Preparing Normalised EBITDA financials is a process undertaken in preparation of a business sale to gain a better understanding of post sale cash flows. This is done by excluding abnormal, non-recurring and one-off events and adding back costs which would be incurred in a “business as usual”. Items to be “normalised” or “adjusted” can often be contentious and a conservative approach is recommended. Companies which have a long list of seemingly questionable normalisations will be adversely judged to be boosting the bottom line and business value rather than providing clarity of ongoing expenses. Some of the most common adjustments include:
These are expenses incurred which would not normally affect the profitability of a business each year. This could include insurance pay-outs, restructuring costs, consulting fees, corporate overheads, moving expenses, loses from discontinued operations or even an unusual bad debt or legal costs.
Owners Personal Expenses
Personal insurance policies (key man/income protection), discretionary bonuses, superannuation payments in excess of statutory requirements and unusual travel expenses. Provision of a car or car allowance above typical market practices and seen to be excessive, can also be normalised.
Normalised EBITDA and Excessive Salaries
Similar to the owners personal expenses, some owners provide family members with compensation which is in excess of what they would pay someone else to do the same job. If their salary or involvement with the company is to change post sale, salary costs must be normalised. It is important that all employee entitlements accrued and due to this employee, even if seen to be excessive, are paid to the employee should they terminate their employment on completion of the business sale.
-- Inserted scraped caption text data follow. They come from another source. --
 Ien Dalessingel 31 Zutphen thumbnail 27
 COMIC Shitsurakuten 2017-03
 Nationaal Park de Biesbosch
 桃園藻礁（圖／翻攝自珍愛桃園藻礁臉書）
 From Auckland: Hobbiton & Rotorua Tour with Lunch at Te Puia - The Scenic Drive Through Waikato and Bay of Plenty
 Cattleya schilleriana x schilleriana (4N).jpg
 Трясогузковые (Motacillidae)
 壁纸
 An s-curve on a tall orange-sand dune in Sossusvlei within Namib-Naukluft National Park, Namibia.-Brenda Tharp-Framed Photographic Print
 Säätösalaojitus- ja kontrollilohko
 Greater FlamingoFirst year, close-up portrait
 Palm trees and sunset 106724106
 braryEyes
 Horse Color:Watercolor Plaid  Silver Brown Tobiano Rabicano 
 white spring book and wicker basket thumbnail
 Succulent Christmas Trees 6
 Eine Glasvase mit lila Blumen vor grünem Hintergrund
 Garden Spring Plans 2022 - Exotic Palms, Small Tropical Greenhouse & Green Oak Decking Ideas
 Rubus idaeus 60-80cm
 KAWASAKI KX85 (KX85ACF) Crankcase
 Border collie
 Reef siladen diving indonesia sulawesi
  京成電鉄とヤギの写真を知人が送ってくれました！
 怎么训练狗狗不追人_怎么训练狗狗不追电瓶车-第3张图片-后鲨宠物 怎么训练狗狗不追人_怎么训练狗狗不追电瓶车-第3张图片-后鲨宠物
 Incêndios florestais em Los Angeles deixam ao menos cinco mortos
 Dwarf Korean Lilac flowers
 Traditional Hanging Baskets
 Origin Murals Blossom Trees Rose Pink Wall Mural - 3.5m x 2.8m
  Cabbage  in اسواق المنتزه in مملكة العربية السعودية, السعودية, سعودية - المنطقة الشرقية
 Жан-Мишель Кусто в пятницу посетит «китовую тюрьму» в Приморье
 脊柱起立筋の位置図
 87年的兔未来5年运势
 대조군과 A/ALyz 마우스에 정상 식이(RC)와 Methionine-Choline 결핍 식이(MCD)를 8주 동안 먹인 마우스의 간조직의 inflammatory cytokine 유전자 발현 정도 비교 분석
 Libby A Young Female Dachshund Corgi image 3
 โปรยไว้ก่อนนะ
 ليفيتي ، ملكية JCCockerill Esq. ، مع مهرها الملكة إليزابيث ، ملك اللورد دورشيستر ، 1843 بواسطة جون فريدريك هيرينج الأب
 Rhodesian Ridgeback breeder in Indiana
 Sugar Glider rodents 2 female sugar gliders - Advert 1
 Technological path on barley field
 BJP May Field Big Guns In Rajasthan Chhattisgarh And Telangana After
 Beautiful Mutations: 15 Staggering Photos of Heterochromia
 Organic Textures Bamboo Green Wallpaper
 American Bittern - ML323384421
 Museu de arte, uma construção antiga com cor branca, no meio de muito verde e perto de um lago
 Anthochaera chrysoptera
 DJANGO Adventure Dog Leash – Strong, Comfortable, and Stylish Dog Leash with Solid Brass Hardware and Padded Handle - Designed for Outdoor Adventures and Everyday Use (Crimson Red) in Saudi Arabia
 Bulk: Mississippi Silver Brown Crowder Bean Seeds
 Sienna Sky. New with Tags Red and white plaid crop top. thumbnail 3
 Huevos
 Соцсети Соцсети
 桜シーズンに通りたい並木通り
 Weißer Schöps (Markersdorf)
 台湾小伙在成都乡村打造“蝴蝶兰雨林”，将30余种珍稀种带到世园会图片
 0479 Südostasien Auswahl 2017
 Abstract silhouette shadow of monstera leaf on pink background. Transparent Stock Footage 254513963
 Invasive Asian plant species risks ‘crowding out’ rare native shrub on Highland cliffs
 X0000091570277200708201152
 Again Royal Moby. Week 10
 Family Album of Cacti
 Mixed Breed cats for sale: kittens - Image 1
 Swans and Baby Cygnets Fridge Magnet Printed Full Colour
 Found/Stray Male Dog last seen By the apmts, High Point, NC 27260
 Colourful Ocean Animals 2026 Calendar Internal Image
Sponsorships & Charity Contributions
Where donations are made to charities or unusual sponsorships are provided to say local sporting teams, these should also be addressed when preparing normalised EBITDA statements. However where these expenses are seen as effective marketing investment and their removal or reduction will adversely impact the performance of the business, they are to be left as is.
Leases on property or equipment need to be at market rates particularly where leased or rented from related parties. The related parties could be the owners superfund or a business affiliated to the owners. Normalising rent and lease costs provide a true cost to the business as a standalone entity.
In instances where owners have removed their salary or that of a family member, costs for a person required for that role are to be “added back” to normalise employee costs. Where owners rely on dividend income and are paid a non-market related salary, an adequate salary add-back must be provided. Where sub-market rates are paid for rentals or leases, the true cost needs to be added back to reflect real future costs.
All Normalised EBITDA calculations including add-backs should be fully disclosed and transparent. They should be easy to understand, reasonable, sensible and defendable ensuring transaction integrity is not questioned.